The discussion that followed their presentations turned to metrics, a word I can now barely stand to hear. The underlying question is important, though, as Maria Rosario Jackson phrased it: “What would it take to bring attention to this approach to arts and health, to validate it within and across sectors?”
People had a lot to say, clustering around two views.
Some are seeking ways to substantiate art’s role in well-being (or community development or any other area of public intervention) that slide easily into the existing systems of documentation and assessment used by other agencies. The underlying idea is that Health and Human Services (to pick a single example among many) can’t validate art as an integral part of its work unless art can be measured and described with instruments and language already familiar, comfortable, and compatible with HHS’ internal culture and vocabulary, its metrics. The hope is that if this translation can be accomplished, if HHS’ comfort zone can thus be breached and infiltrated, arts-based projects will eventually be accepted and supported.
Others doubt this will work (or suspect that blowback will distort the arts work rather than open up the agency), seeking instead to transform the standards of proof, so that stories, testimonies, interactions, and small-scale observations will coexist with what can validly be quantified.
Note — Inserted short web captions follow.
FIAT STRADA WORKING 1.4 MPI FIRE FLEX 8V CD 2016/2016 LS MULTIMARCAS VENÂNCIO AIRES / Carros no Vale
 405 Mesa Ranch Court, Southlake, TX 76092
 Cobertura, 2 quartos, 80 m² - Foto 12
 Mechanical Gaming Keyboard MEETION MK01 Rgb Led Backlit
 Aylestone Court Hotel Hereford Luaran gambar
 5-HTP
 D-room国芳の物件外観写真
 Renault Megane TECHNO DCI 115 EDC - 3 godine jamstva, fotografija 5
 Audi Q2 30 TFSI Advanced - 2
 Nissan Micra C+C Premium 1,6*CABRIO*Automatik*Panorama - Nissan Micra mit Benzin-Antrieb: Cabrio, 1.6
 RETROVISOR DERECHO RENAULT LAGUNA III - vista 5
If what truly has most value can’t be conveyed by numbers, they argue, the systems of measurement have to adjust.
Joi Ito’s luncheon keynote yesterday keeps spinning in my head. The CEO of Creative Commons has been involved in many technology startups as an entrepreneur and venture capitalist, and part of his talk explored how innovation and invention is changing in the digital age.
Particularly interesting were two approaches to innovation: agile development, and pivoting.
Agile development is an evolving practice for rapidly developing software with self-organizing groups, close interaction between developers and end users, and fast and frequent versions of the product. In contrast to the previous standard for software development that required stacks of specifications and isolated developers, agile development encourages responsiveness to the needs of the customer, low costs, and high speed. As a result, failures cost tens of thousands of dollars instead of millions, and developers and investors can try lots and lots of things to see what works.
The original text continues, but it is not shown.